Activity ▸ Produce a word-for-word copy of the line that contains "AP_cliven_bundy_armed_suppoerters_jt_140419_4x3_992.jpg" and each line after it through the end of the material, omitting pictures and all other lines.

Stored data ▸
= = = = = = =

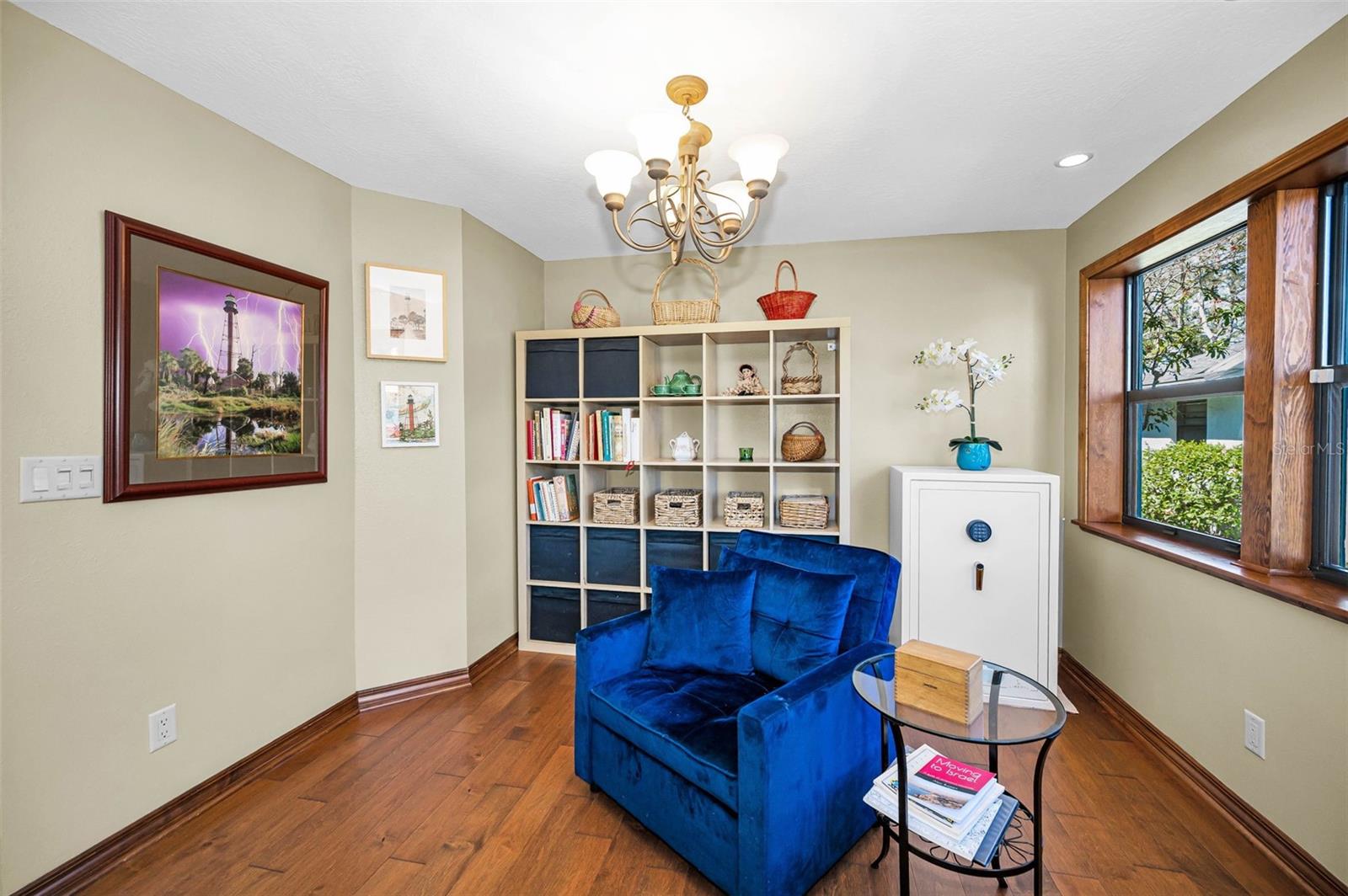 Listing photo id 34 for 1944 Levine Lane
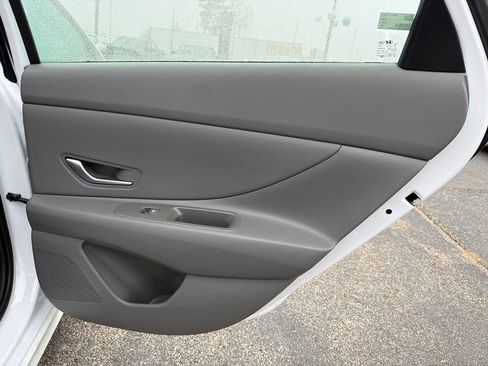 Used 2025 Hyundai Elantra SEL FWD image 16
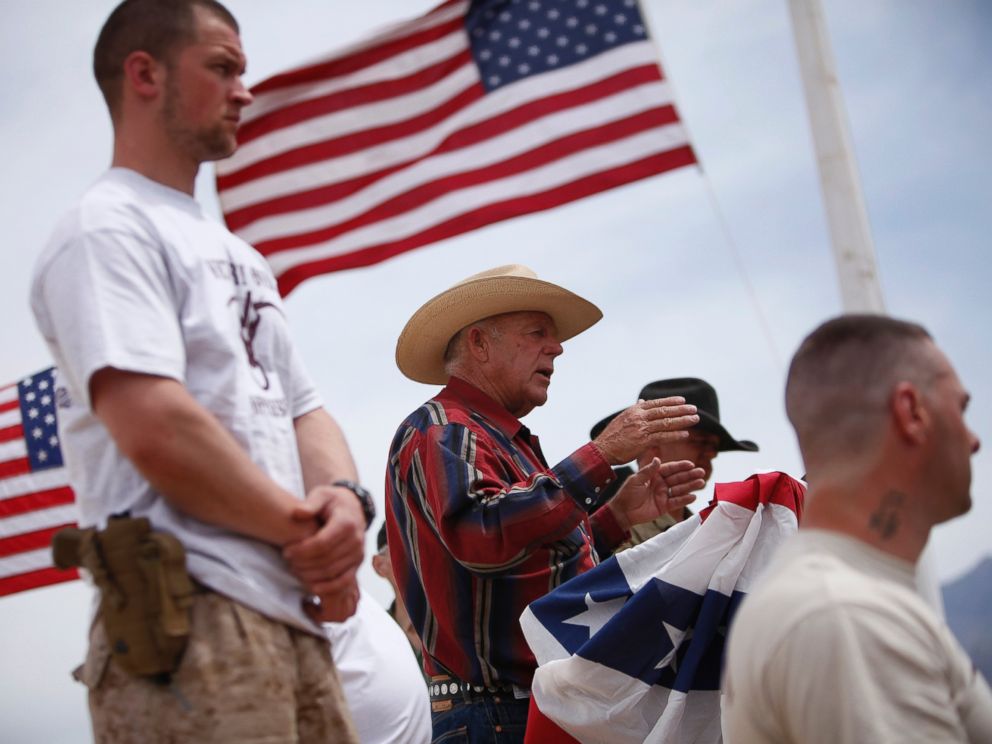 AP_cliven_bundy_armed_suppoerters_jt_140419_4x3_992.jpg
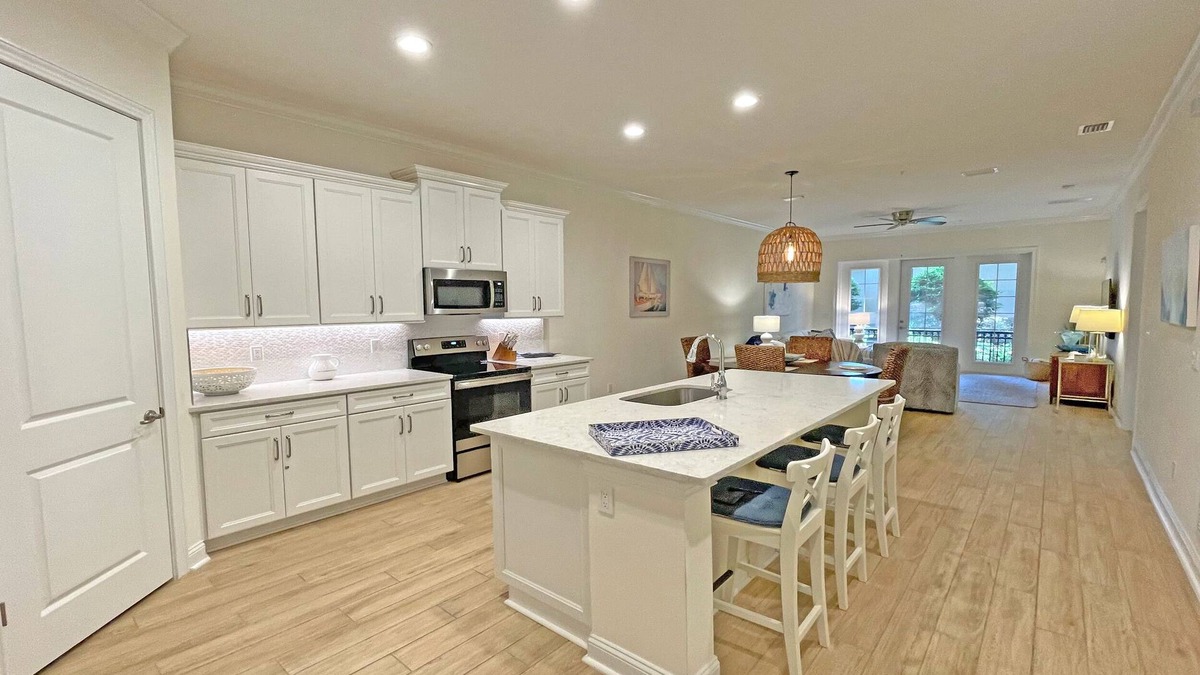 American Beach Condo | Luxury Oasis Stylish Beach Condo 2bed/2bath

= = = = = = =

Answer for the task ▸
 AP_cliven_bundy_armed_suppoerters_jt_140419_4x3_992.jpg
 American Beach Condo | Luxury Oasis Stylish Beach Condo 2bed/2bath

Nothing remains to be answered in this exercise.